Sarah Daly, an instructor in business and accounting, concurs. Daly started teaching at Aims after 20 years working in the private sector and was energized by having a student like Elizabeth in her strategic management course this semester. “Elizabeth is exactly the type of student I was hoping to meet at Aims,” Daly said. “I have been very impressed by her writing and analysis and I love hearing how her experience being a business owner applies when we are having discussions on strategy.” Daly also found that Elizabeth’s presence was personable and had leadership qualities. “I know how she works so well with everyone in the class and is willing to step up and lead when necessary.
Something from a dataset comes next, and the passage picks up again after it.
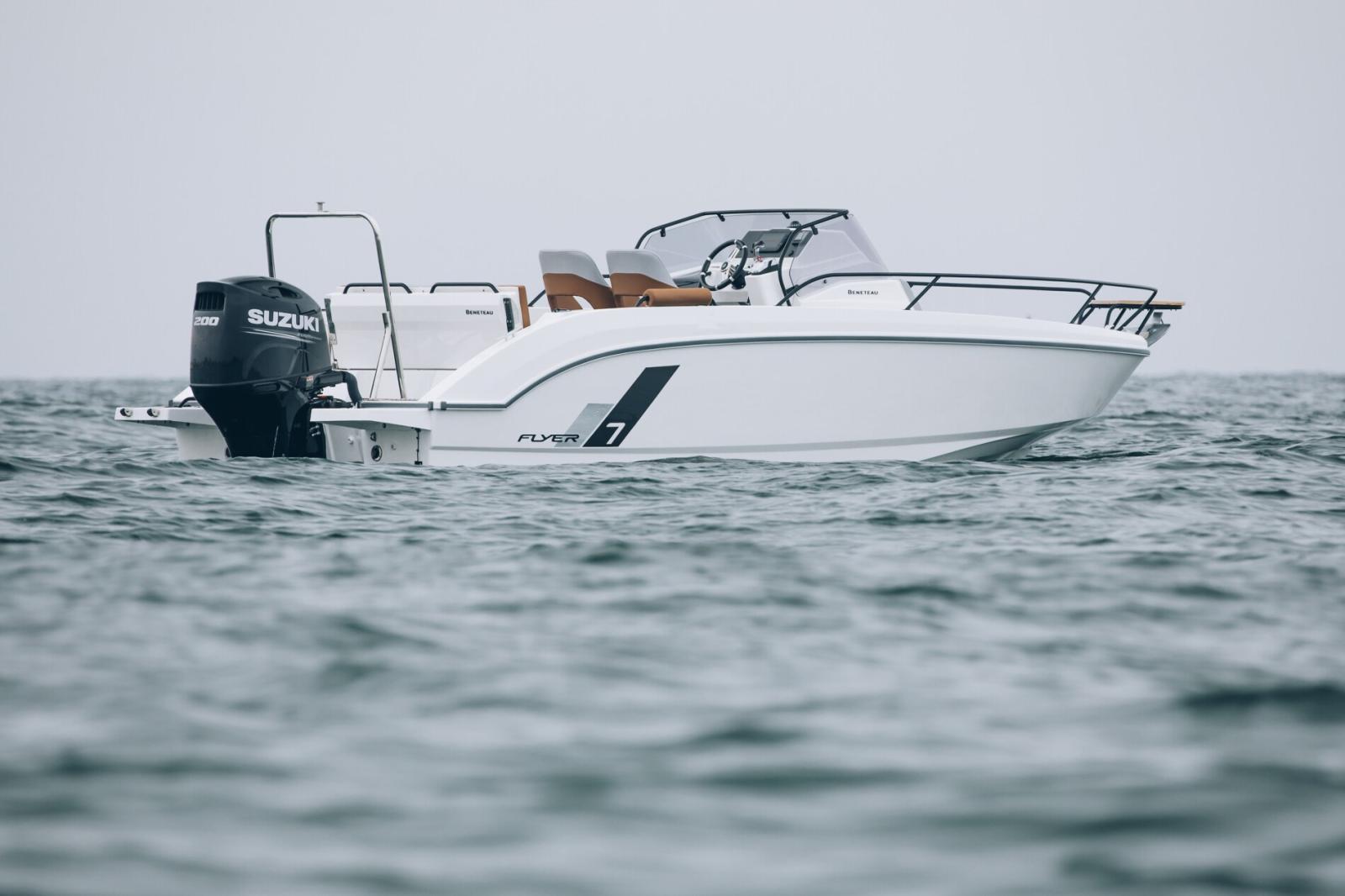 beneteau Flyer 7 sundeck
With a schedule that often took her across state lines, Elizabeth needed flexibility backed by support. At Aims, she found instructors who understood her reality and worked with her to stay on track. Whether she was in the classroom or behind the counter at a livestock show, she remained fully engaged in her coursework. Daly found Elizabeth to be “very professional and let me know up front her situation running a business and that it would impact her attendance. She then worked to make up work as necessary and was always fully engaged.”
Elizabeth demonstrates that business ambition and education can coexist by successfully integrating both. “Aims didn’t just fit into my life,” she said. “It helped me build a path.” Further reflecting on her education, she’s appreciative of the college’s openness to students charting their own journeys and achieving their dreams.
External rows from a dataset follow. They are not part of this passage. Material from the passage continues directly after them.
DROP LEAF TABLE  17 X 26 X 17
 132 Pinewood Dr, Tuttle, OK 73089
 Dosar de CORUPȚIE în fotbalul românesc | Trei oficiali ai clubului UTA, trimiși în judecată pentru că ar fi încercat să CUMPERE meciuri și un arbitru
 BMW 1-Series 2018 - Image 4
“It allows students to take risks, to pivot when their passions shift and to grow into leaders.”
What Comes Next
Elizabeth is stepping into her next chapter with real-world experience backed by a formal education. She sees her accomplishment as more than just degrees. “They represent choosing not to quit,” she said.
This summer, Elizabeth will be back on the road, traveling from show to show with Open Range Clothing Co. After graduation, she can be more focused on building her business with a clearer vision for growth. “I’m stepping into this next season of my business not just with experience, but with a whole lot of education to back me up,” she said.
For Elizabeth, graduation isn’t the finish line. It’s the next step forward.